Knowledgebase: Tips and tricks
Why does PresSTORE not use Byte-Level Synchronization
Posted by Sven Koester on 02 June 2008 10:48
Historically, byte-level differences, or byte-patching methods were used to patch existing large-file installation distributions that somebody would like to upgrade w/o providing the user with the whole file (which might be large).|
So, an OS vendor can release, say 10GB of data for an OS and then find out that he needs to "fix" some parts of it. Instead of delivering 10GB again, he makes a byte-difference between the old and the new distribution and supplies the customer only with the difference, which should be simpler/smaller/whatever and thus easier to download/send-per-email/whatever. Customer then runs the diff between his 10GB installation and the patches supplied by the vendor yielding new (different) 10GB image.
This whole thing is developed some 10-15 years ago when networks were slow (modems etc) and cost of transferring the file outperfomed the cost of calculating checksums on source and applying those checksums on the target.
This is how byte-level-differences came to place.
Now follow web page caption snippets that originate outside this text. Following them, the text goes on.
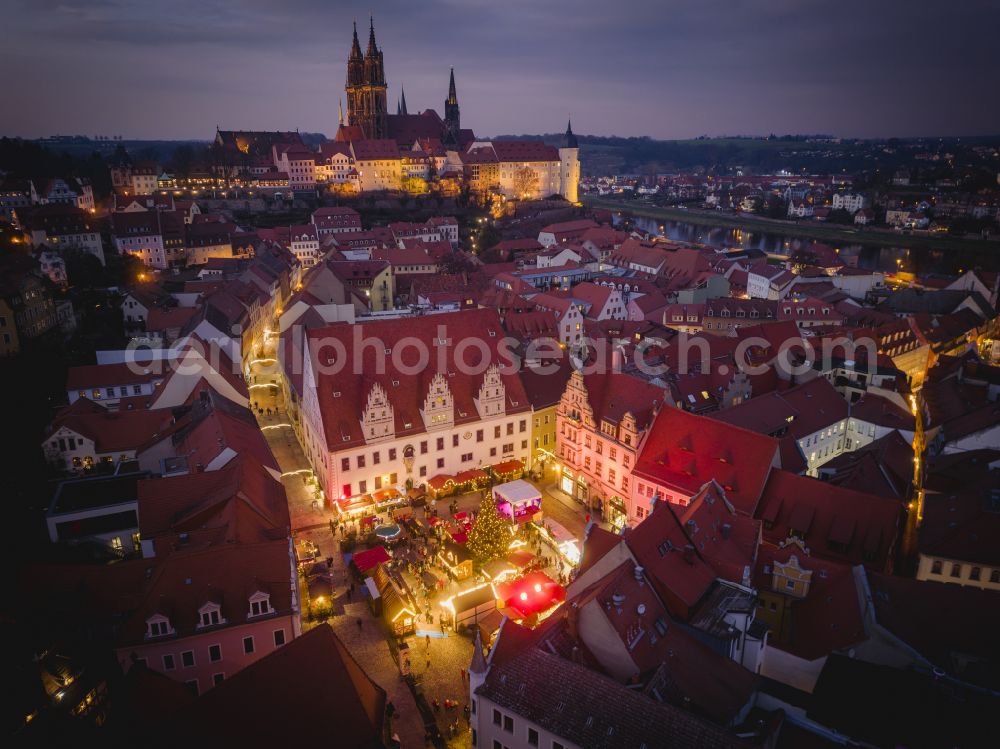 Meißen at night from the bird perspective: Night lights and illumination Christmas market in the old town area and city center in Meissen in the state of Saxony, Germany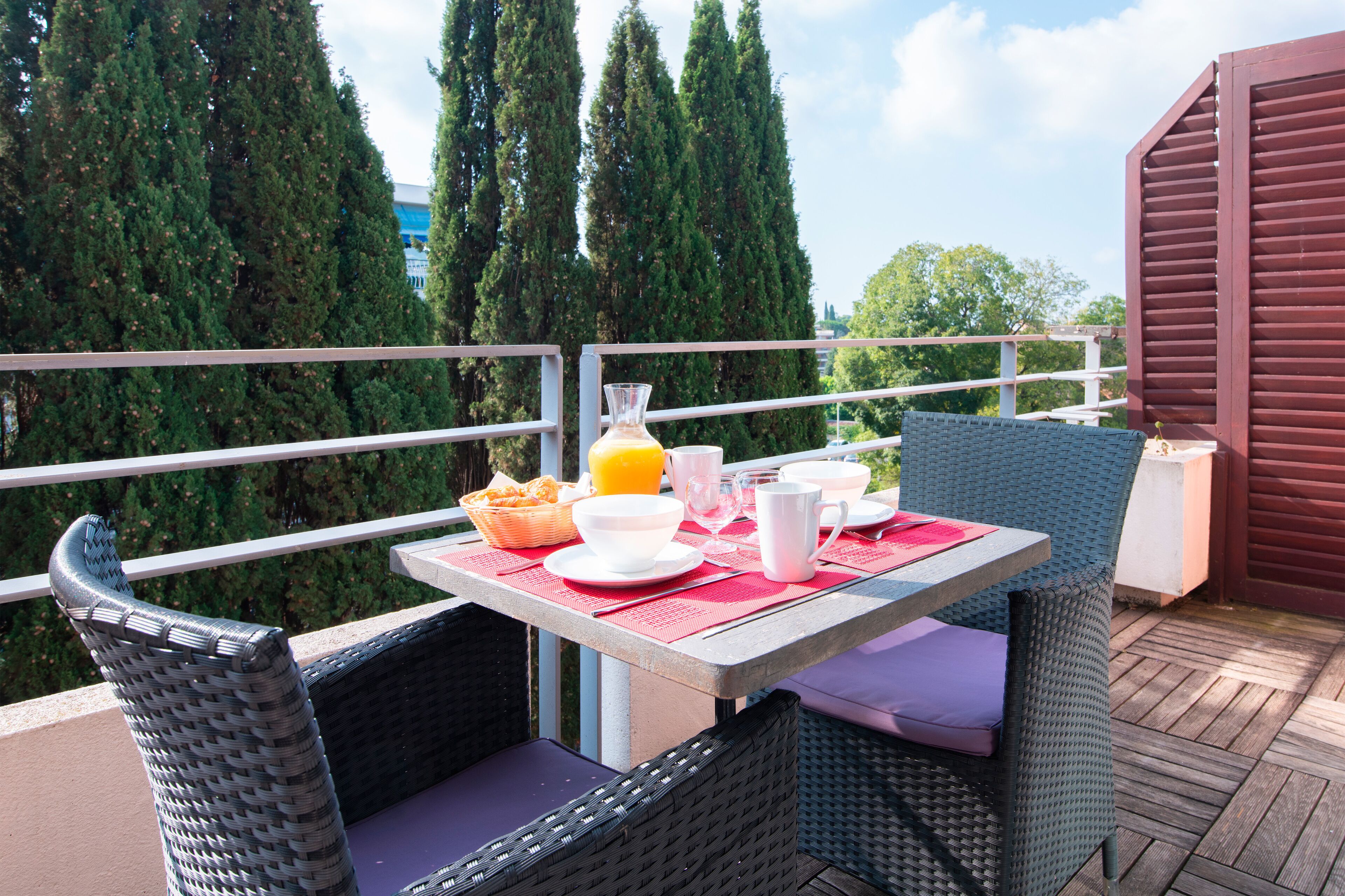 Een balkon met rieten stoelen en een tafel gedekt voor het ontbijt.
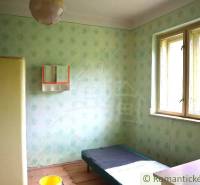 A room in a family house with a simple bed, a wardrobe, and shabby walls.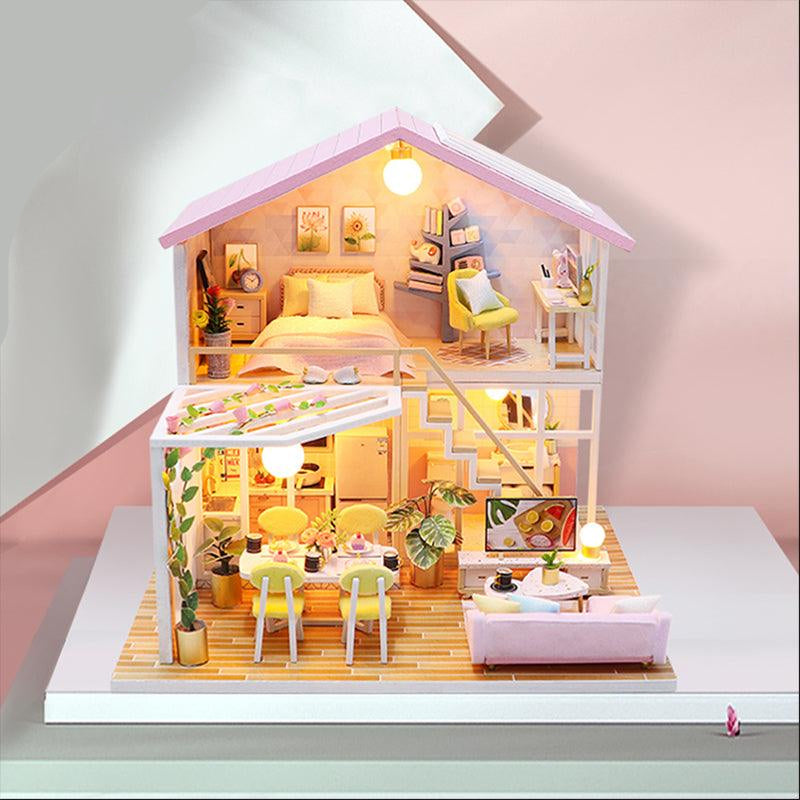 Illuminated 1:24 scale miniature dollhouse kit with furnished pink rooms, an LED lit wooden craft build for adults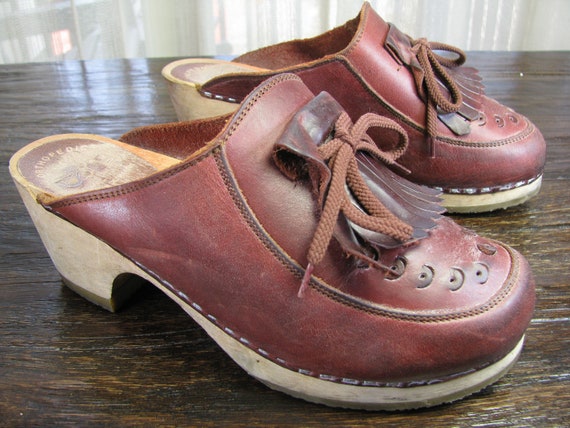 red leather clogs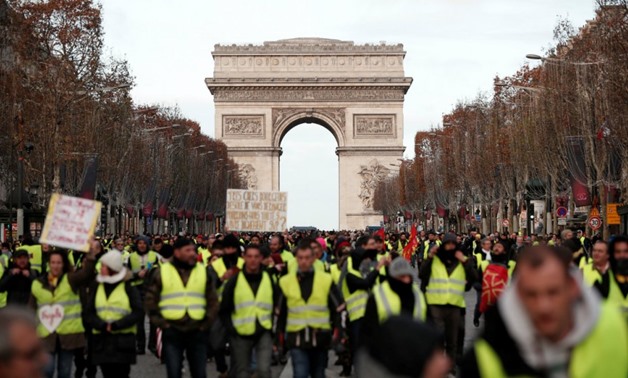 Benoit Tessier, Reuters | Protesters wearing yellow vests take part in a demonstration by the "yellow vests" movement on the Champs Elysees below the Arc de Triomphe in Paris, France, December 8, 2018.
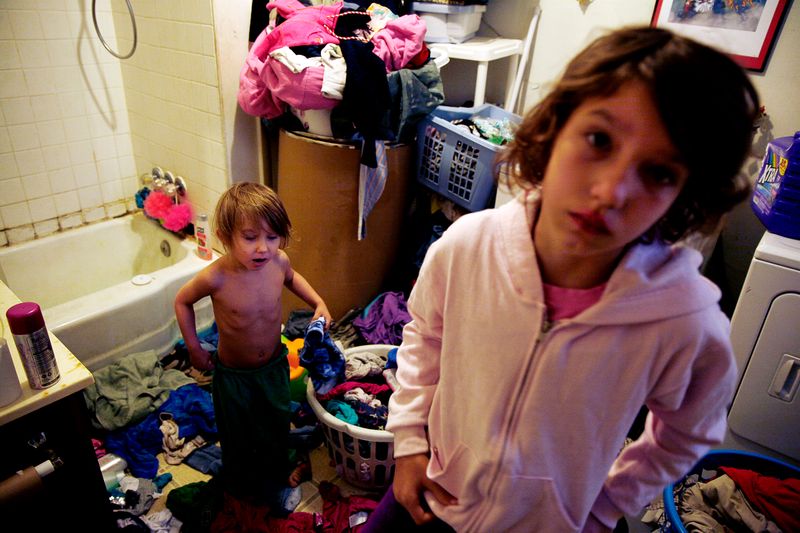 © Uno  Yi - David tries to find a shirt he will be wearing for the day while Regina helps him out.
Today we have fast networks. And large files. BUT... large files are usually _compressed_ media files or large datasets in highly compressed mode. If you chage just a _single_ bit in the largely-compressed file the whole file changes significantly, so calculating checksums becomes very expensive AND yields in practically whole-file-changed mode! So you spend lots of time to calculate the checksums and yet need to transfer the whole file (practically). Byte-level differences usually make no sense in such scenarios.
Looking at the small(er) files, cost of transfering the file approaches the cost of calculating checksums so there is no need in that as well.
The about only reason one can think of, where byte-level differences make sense is when handling very large uncompressed files that need to be copied over very slow networks. The only thing that comes in mind are database-files OR container files where some applications store their data (like Entourage mail client holding user mailboxes in flat uncompressed large file).
On the Mac, the good practice that Apple is preaching is to go away from large monolyth files, as they pose the problem for their Spotlight and Time Machine applications. Hence all apps on Mac usually store their output in discrete small(er) files. So they are actually moving away from stuffing all in one file, which makes byte-level diffs pretty useless...
Having said all that... yes there is a need for byte-level diffs but this need is smaller and smaller every day, which is the reason why we opted to completely ignore it.